## WHAT THIS TASK INVOLVES
Return the records word for word. Pictures do not belong in the copy.

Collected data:
+ + + + + + +
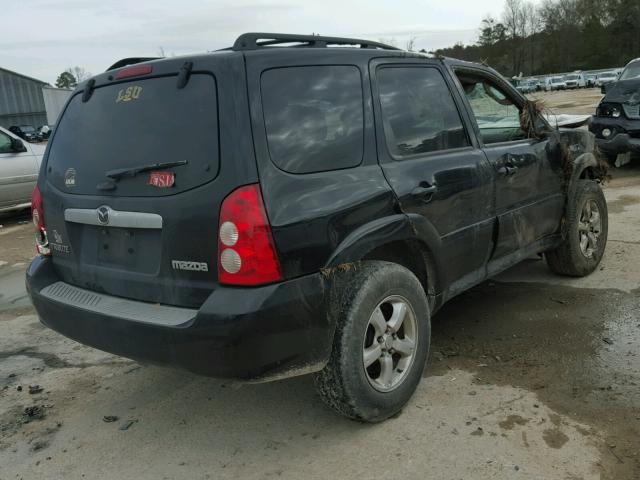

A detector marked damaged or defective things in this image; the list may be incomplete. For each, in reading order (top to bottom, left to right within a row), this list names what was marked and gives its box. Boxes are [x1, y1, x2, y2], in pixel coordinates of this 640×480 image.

damaged black suv [27, 32, 608, 420]
damaged black suv [592, 56, 640, 164]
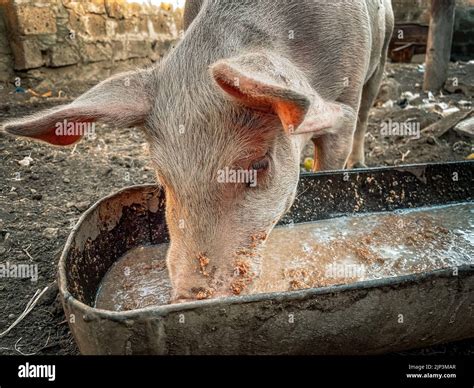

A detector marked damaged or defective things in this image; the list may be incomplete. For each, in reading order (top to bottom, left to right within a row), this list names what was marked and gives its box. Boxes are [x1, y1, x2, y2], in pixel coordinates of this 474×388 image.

rusty trough rim [58, 161, 474, 322]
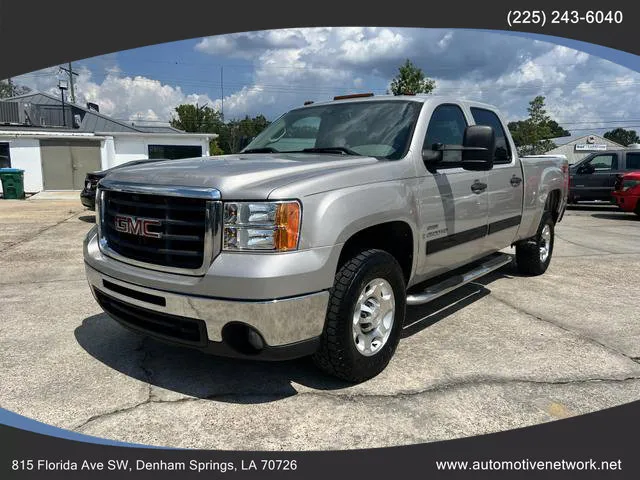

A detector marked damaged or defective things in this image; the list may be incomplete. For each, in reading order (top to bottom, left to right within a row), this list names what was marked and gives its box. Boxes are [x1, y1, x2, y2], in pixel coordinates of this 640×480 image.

crack in concrete [484, 292, 640, 368]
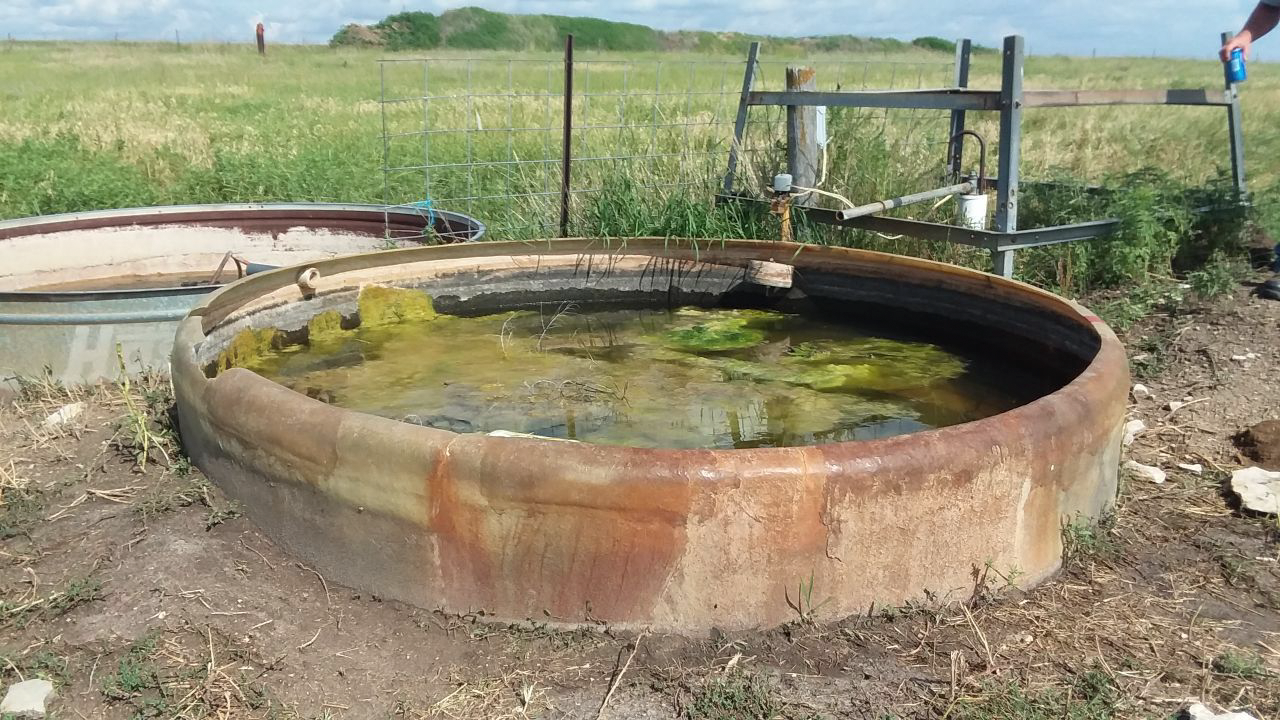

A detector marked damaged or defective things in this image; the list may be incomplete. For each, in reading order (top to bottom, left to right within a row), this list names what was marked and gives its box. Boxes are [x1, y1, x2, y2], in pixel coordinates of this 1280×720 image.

rusty metal tank wall [1, 202, 481, 392]
rusty metal tank wall [172, 237, 1131, 627]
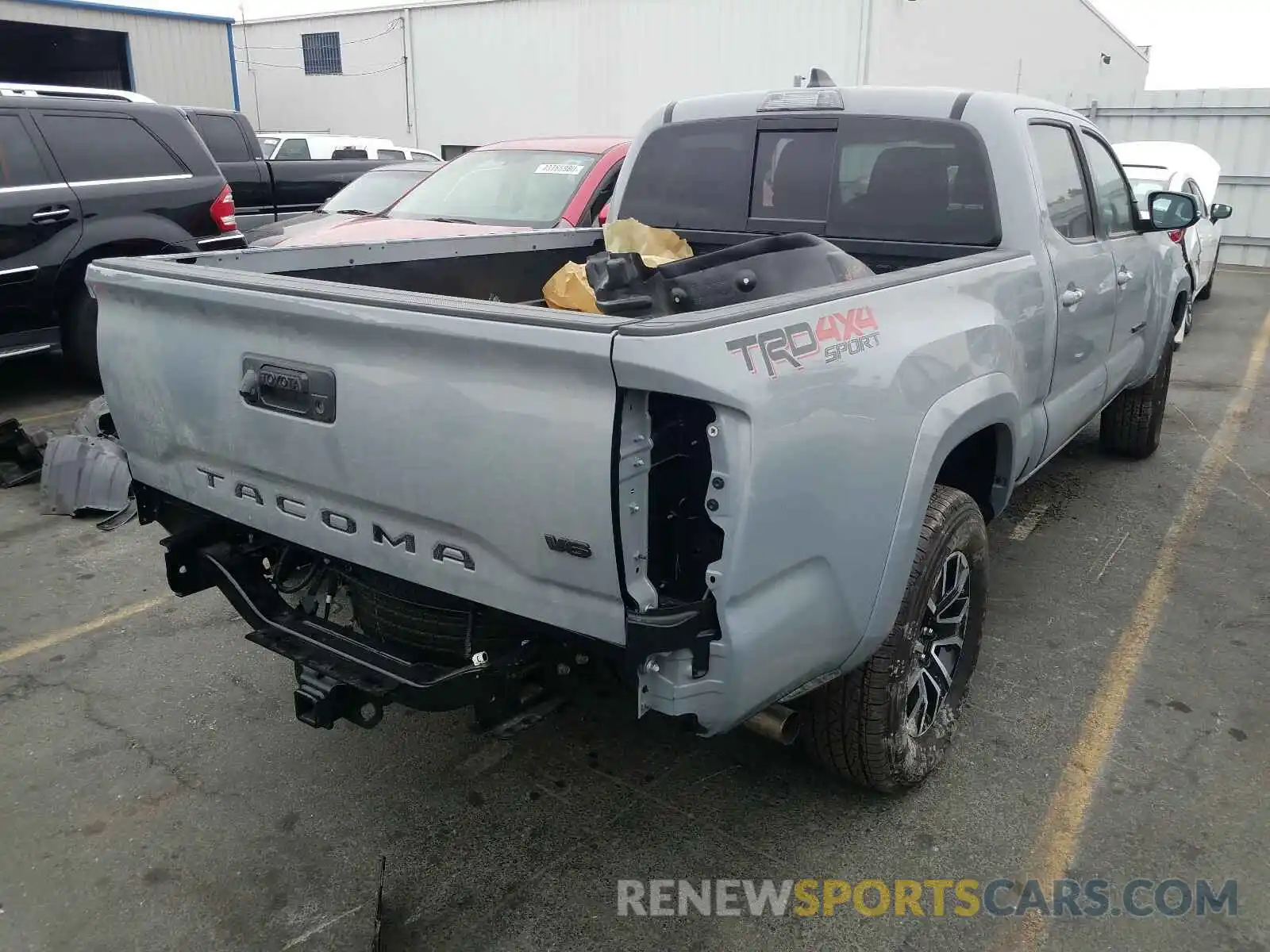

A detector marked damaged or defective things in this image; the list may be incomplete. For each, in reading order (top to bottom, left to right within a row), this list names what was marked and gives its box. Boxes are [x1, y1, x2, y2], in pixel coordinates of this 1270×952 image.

damaged rear quarter panel [612, 254, 1041, 731]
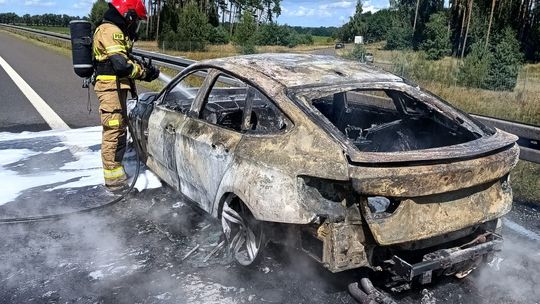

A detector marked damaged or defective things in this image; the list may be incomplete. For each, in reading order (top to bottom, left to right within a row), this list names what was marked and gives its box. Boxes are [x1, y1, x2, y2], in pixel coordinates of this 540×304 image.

burnt tire [220, 196, 264, 264]
burned car [129, 54, 520, 290]
charred car body [129, 54, 520, 290]
exposed car frame [129, 54, 520, 290]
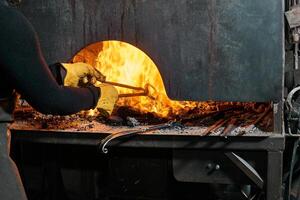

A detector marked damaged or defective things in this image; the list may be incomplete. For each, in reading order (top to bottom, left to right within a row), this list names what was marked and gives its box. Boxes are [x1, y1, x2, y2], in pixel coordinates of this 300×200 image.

rusty metal wall [18, 0, 284, 101]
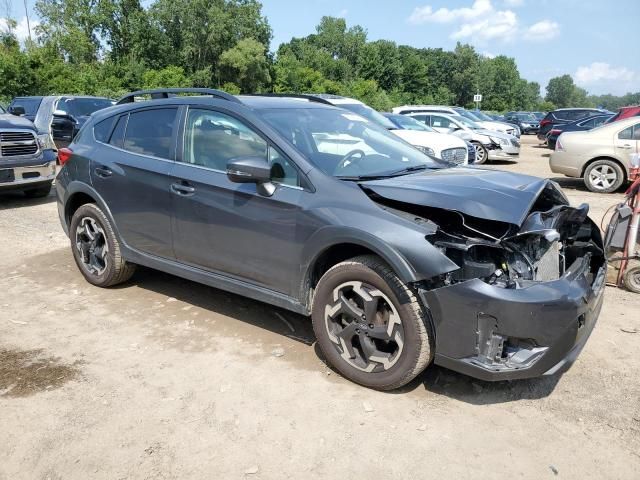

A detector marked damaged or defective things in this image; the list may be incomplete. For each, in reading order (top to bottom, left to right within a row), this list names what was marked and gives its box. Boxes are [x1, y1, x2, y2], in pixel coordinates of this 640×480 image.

crumpled hood [0, 114, 36, 131]
crumpled hood [362, 166, 556, 226]
damaged front end [364, 181, 604, 382]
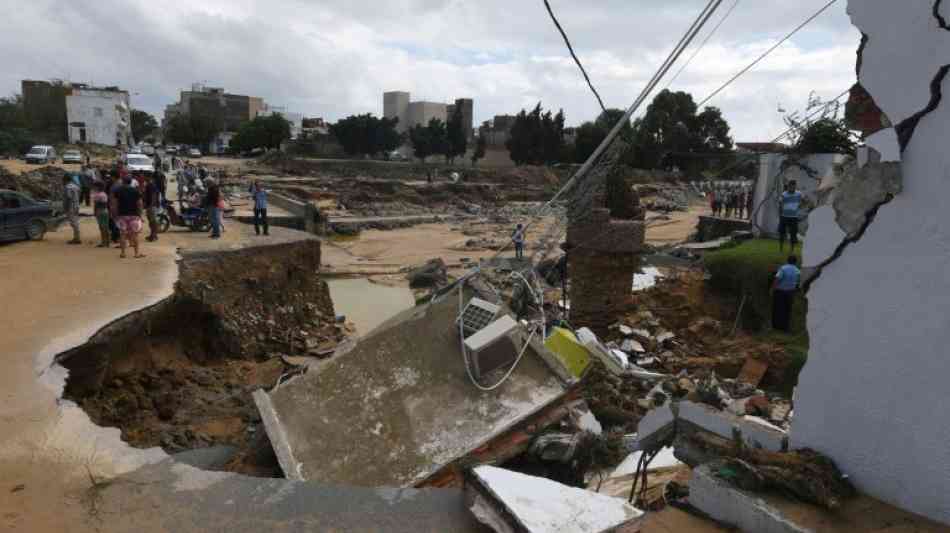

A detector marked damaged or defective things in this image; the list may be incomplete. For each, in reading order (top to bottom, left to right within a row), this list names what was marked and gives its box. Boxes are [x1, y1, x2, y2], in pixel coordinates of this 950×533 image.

cracked white wall [792, 0, 950, 524]
damaged wall [792, 0, 950, 524]
broken concrete slab [255, 290, 572, 486]
broken concrete slab [468, 466, 648, 532]
broken concrete slab [692, 462, 812, 532]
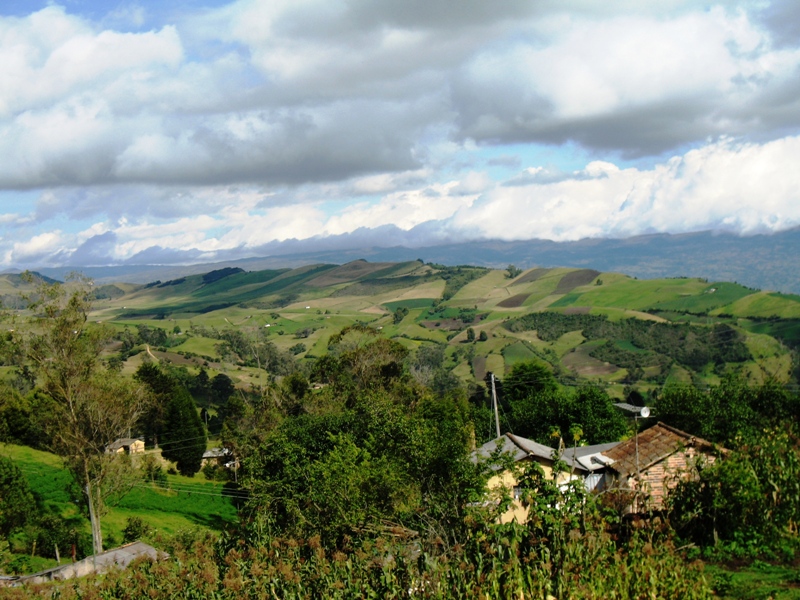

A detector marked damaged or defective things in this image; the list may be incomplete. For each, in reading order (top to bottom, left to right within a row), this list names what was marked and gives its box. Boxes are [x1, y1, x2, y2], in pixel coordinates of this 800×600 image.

rusty metal roof [604, 422, 716, 478]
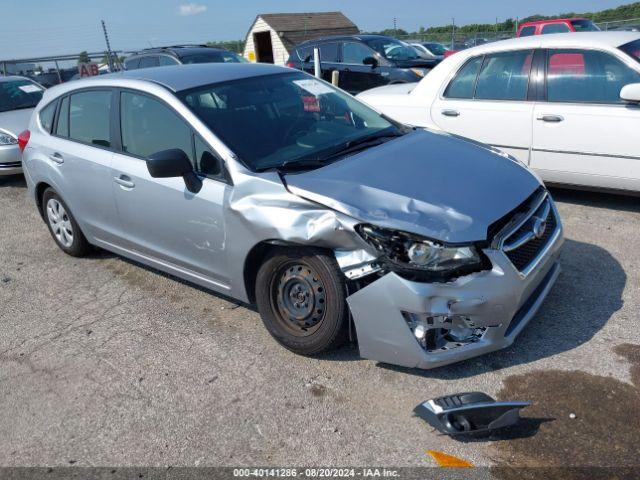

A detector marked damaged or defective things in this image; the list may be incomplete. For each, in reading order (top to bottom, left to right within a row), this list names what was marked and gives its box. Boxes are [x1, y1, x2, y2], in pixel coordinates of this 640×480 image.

crumpled hood [0, 109, 33, 137]
crumpled hood [288, 129, 544, 244]
broken headlight [356, 225, 484, 282]
damaged front bumper [348, 218, 564, 372]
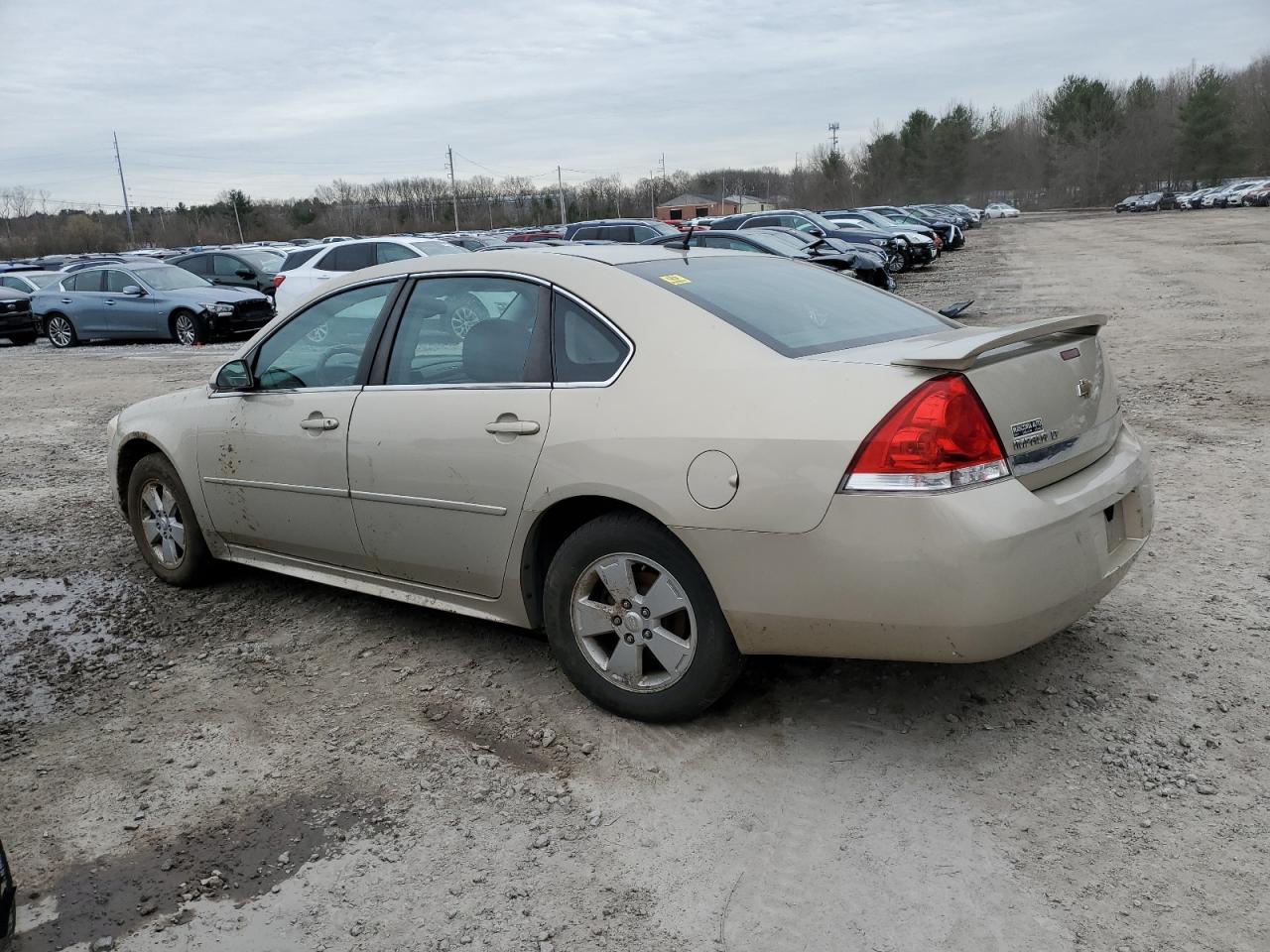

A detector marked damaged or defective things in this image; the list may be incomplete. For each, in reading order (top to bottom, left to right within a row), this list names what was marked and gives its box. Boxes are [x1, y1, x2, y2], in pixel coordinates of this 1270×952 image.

damaged vehicle [109, 246, 1159, 722]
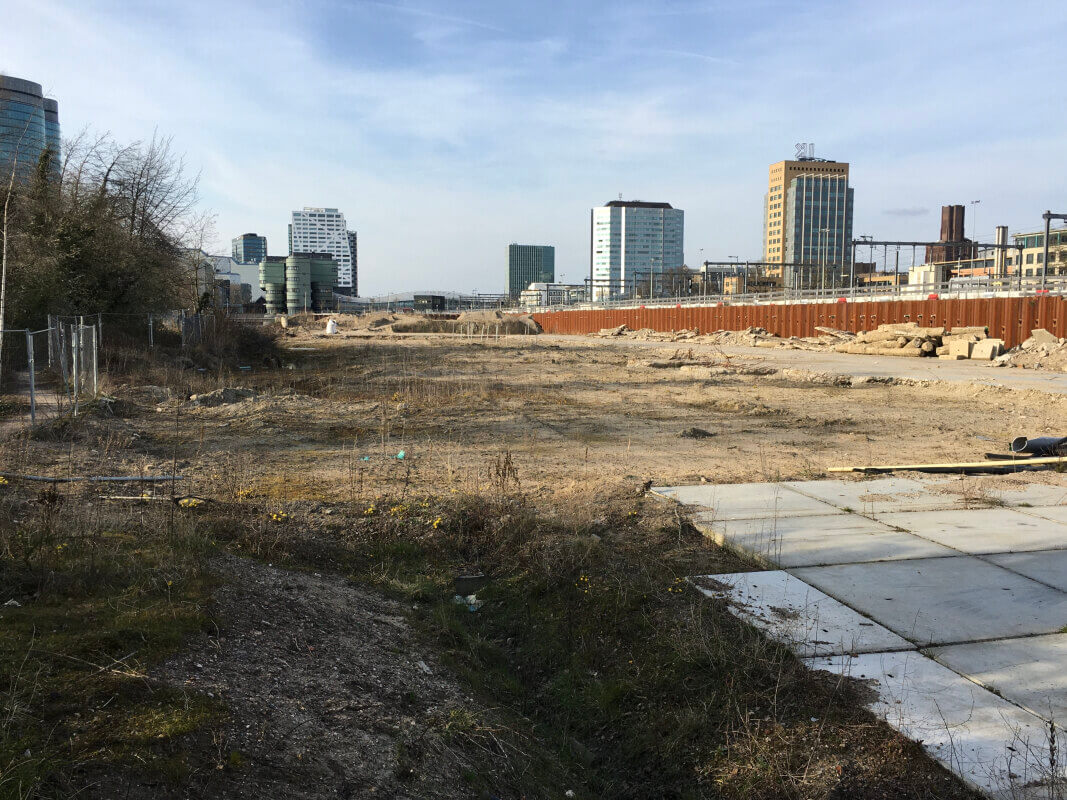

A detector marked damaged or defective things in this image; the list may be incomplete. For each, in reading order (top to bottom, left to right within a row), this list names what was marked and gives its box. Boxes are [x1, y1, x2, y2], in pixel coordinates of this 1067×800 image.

rusty orange sheet pile wall [533, 292, 1067, 345]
+ + + + + + +
## SOLVED PROBLEM
A detector marked damaged or defective things in this image; the list may be incomplete. For each, in reading order (top to bottom, left to right within a row), this list names what was marked and gives its box. Boxes are [x1, y1, x2, y2], in pixel coordinates of this 640×480 image.

damaged black suv [27, 32, 608, 420]
damaged black suv [592, 56, 640, 164]

A detector marked damaged or defective things in this image; the list may be incomplete. For each, in reading order (top to bottom, left to right within a row), this list names what was marked and gives its box. Boxes are [x1, y1, x2, y2], in pixel coordinates of this 474×388 image.

rusty trough rim [58, 161, 474, 322]

A detector marked damaged or defective things in this image; the list may be incomplete. For each, in reading order (top to bottom, left to right within a row), this list names what was marked and gives its box. Boxes are [x1, y1, x2, y2], in pixel coordinates of this 640×480 image.

crack in concrete [484, 292, 640, 368]

A detector marked damaged or defective things in this image; the list may be incomplete. For each, in reading order (top to bottom, left to right within a row), this list names what was marked and gives its box. Boxes are [x1, y1, x2, y2], in pixel coordinates of this 1280×720 image.

rusty metal tank wall [1, 202, 481, 392]
rusty metal tank wall [172, 237, 1131, 627]

A detector marked damaged or defective things in this image; the list may be incomplete. For each, in reading order (top to bottom, left to right within a row), this list names what was marked and gives its box. Boxes are [x1, y1, x2, y2], in pixel coordinates of this 1270×952 image.

damaged rear quarter panel [612, 254, 1041, 731]

A detector marked damaged or defective things in this image; the list may be incomplete. For each, in reading order (top to bottom, left to right within a row), this list names what was marked and gives its box. Boxes are [x1, y1, x2, y2], in pixel coordinates of this 540×304 image.

burnt tire [220, 196, 264, 264]
burned car [129, 54, 520, 290]
charred car body [129, 54, 520, 290]
exposed car frame [129, 54, 520, 290]

A detector marked damaged or defective things in this image; the list may be incomplete. For each, in reading order (top to bottom, left to right within a row), this list names what was marked and gives its box. Boxes are [x1, y1, x2, y2], in pixel coordinates of this 300×200 image.

rusty metal wall [18, 0, 284, 101]

A detector marked damaged or defective things in this image; the list may be incomplete. For each, in reading order (top to bottom, left to right within a row), this list names what was marked and gives its box. Boxes are [x1, y1, x2, y2], in pixel coordinates of this 640×480 image.

crumpled hood [0, 114, 36, 131]
crumpled hood [362, 166, 556, 226]
damaged front end [364, 181, 604, 382]

A detector marked damaged or defective things in this image; the list may be incomplete. For each, in reading order (top to bottom, left to right within a row), this list names what was marked and gives its box. Boxes are [x1, y1, x2, y2], in pixel coordinates of this 950×533 image.

cracked white wall [792, 0, 950, 524]
damaged wall [792, 0, 950, 524]
broken concrete slab [255, 290, 572, 486]
broken concrete slab [468, 466, 648, 532]
broken concrete slab [692, 462, 812, 532]

A detector marked damaged or defective things in this image; the list may be incomplete. For each, in reading order (top to bottom, left to right within a row), this list names what was marked and gives its box. Boxes are [x1, y1, x2, y2], in pixel coordinates of this 800×600 image.

rusty metal roof [604, 422, 716, 478]

A detector marked damaged or defective things in this image; the list may be incomplete. For each, in reading order (top to bottom, left to right within a row), this list names what was marked and gives its box. Boxes are [x1, y1, x2, y2], in pixel coordinates of this 640×480 image.

crumpled hood [0, 109, 33, 137]
crumpled hood [288, 129, 544, 244]
broken headlight [356, 225, 484, 282]
damaged front bumper [348, 218, 564, 372]

A detector marked damaged or defective things in this image; the list may be incomplete. For each, in reading order (top to bottom, left to right within a row), this list names what was marked and gives its box. Boxes are [x1, y1, x2, y2], in pixel coordinates of this 1270×952 image.

damaged vehicle [109, 246, 1159, 722]

A detector marked damaged or defective things in this image; the list may be incomplete. For each, in reading order (top to bottom, left to right within a row), this list names what was marked and gives its box. Boxes are [x1, y1, x2, y2], in pixel coordinates of this 1067×800 image.

rusty orange sheet pile wall [533, 292, 1067, 345]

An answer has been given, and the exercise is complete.